Brexit has become a promise of a golden age reminiscent of the former glory of the British Empire, without, it appears, a real concrete plan and risk assessment. In an increasingly interdependent world, will the much hoped for benefits offset the separation costs?
The Irish issue
Who would have imaged that the UK, while turning its back on the European project, would be bitten in the tail by its past imperial ambitions on the island of Ireland. The special status of Northern Ireland and its border with the Republic of Ireland emerged as the main stumbling block on reaching a new deal both under Theresa May and Boris Johnson.
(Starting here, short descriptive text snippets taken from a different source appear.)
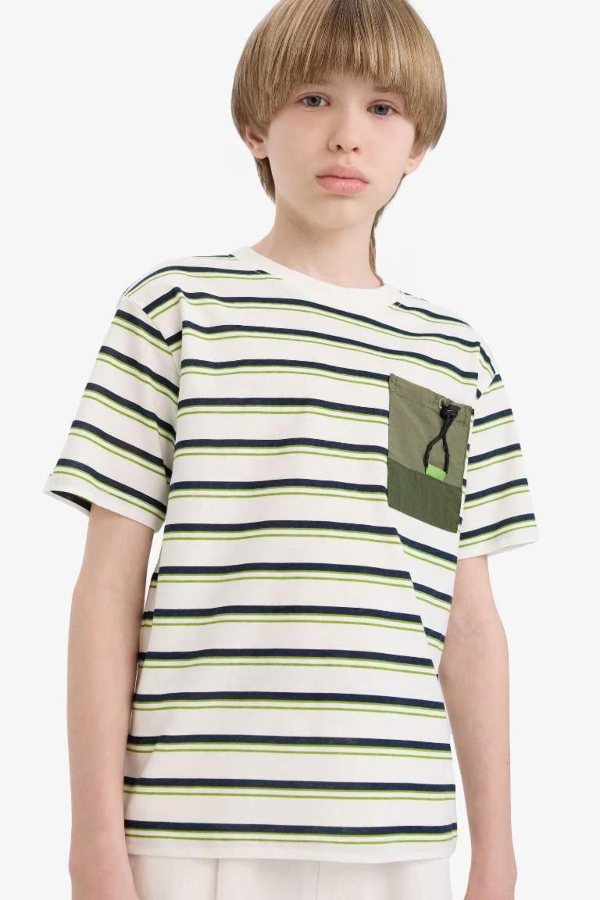 Resim Defacto Erkek Çocuk Kısa Kol T-shirt E0965A8ER77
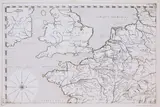 Petrus Bertius, Imperium Caroli Magni, Mapa Imperium Karolińskiego, wyd. J. Picart, Paryż, 16304 arkuszemiedzioryt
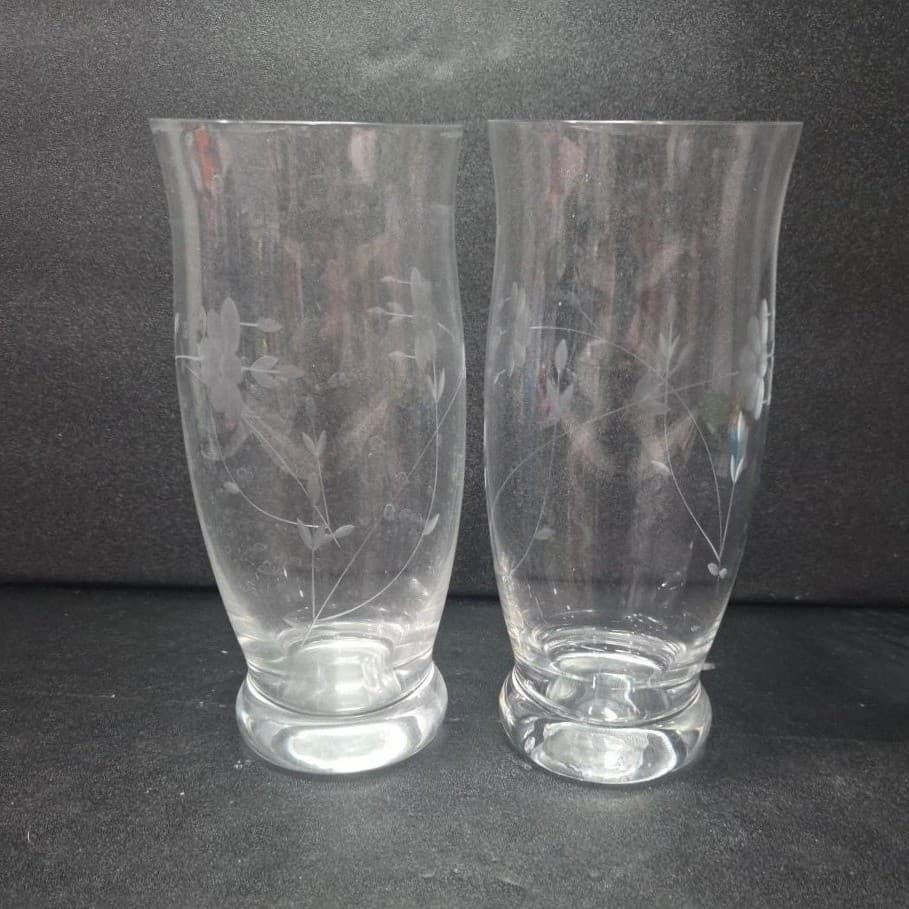 Princess House Heritage Cooler Glasses #6144, Set of 2, Vintage Crystal Tumblers - Thumbnail 5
Maintaining the much longed for peace on the island – brought about by the Good Friday Agreement – and securing the livelihood of Irish and UK citizens on the island of Ireland, versus UK’s total independence from the world’s largest trading block, are the main issues in the balance.
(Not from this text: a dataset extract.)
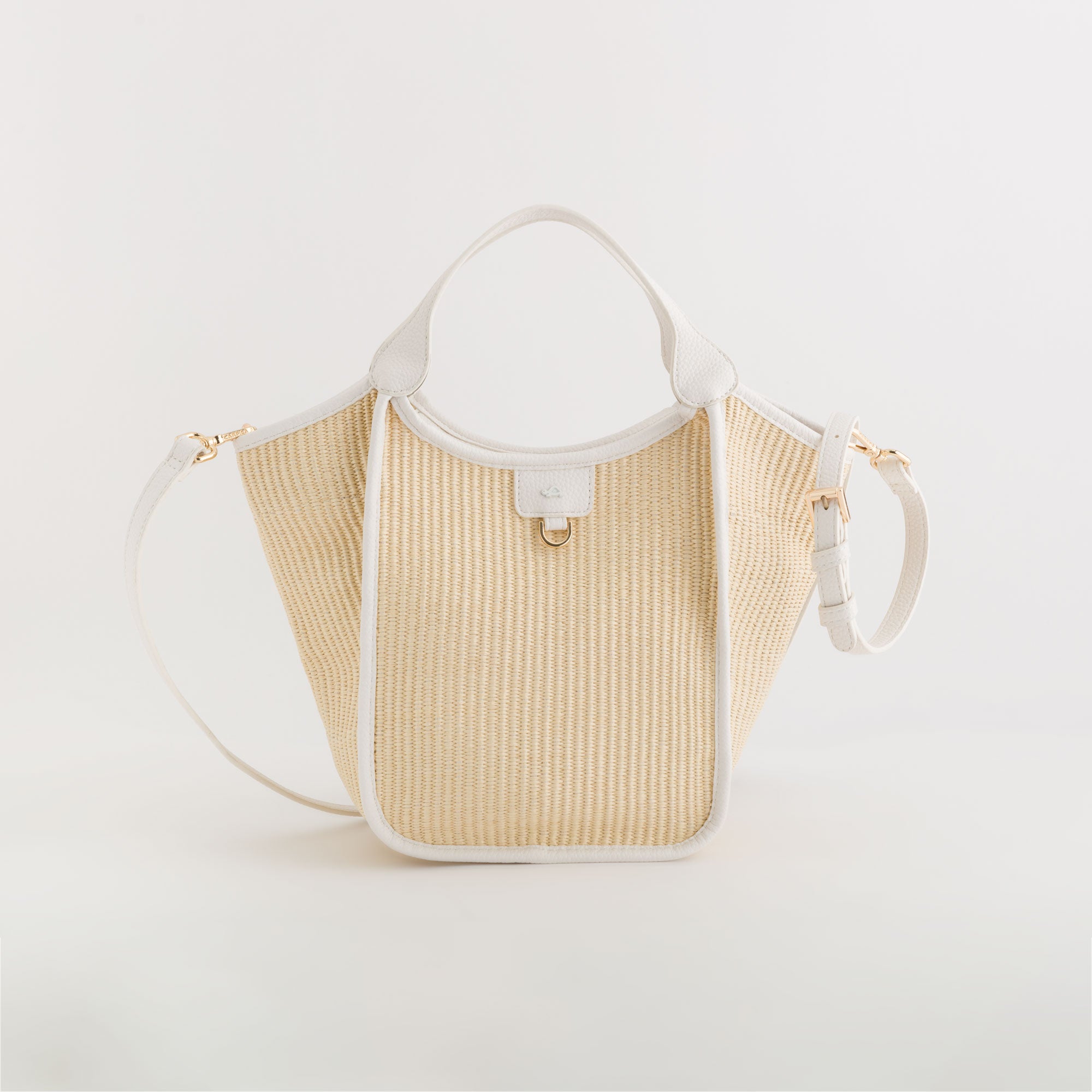 Sac à main pour femme - Euthalia Naturel/Blanc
The Good Friday Agreement, a de facto peace deal signed in 1998 between the British and Irish governments established a new form of power sharing in Northern Ireland between the Nationalists such as Sinn Féin and the UK-oriented Unionists such as the Democratic Unionist Party (DUP). President Bill Clinton, Senator George Mitchell, British Prime Minister Tony Blair and Bertie Ahern, the Republic of Ireland’s Taoiseach1 brokered this political arrangement that brought an end to 30 years of violence and human rights violations. Ironically, the UK’s membership of the EU was in part instrumental in ending the Troubles.
This deal, also known as the Belfast Agreement, stipulates that Northern Ireland remains part of Britain until a majority of its citizens vote otherwise. The legal texts also called for a complete disarmament of the IRA and Loyalist paramilitaries. However, splinter groups such as the New IRA sporadically engage in acts of violence against, what they call, an unlawful occupation of Northern Ireland by the UK. On 23 April 2019, a bullet killed journalist Lyra McKee while she was observing rioting in Derry/Londonderry’s Creggan estate. It was encouraging to see that this act was overwhelmingly condemned by the general public and politicians on both sides of the political divide. Sectarian divisions are still alive in some form or other – the peace wall in Belfast is a stark reminder of the fragile peace. Communities continue to rebuild shattered neighbourhoods with local initiatives set up over the years to deal with long-standing trauma and to bridge the different communities engaging both youth and the older generations.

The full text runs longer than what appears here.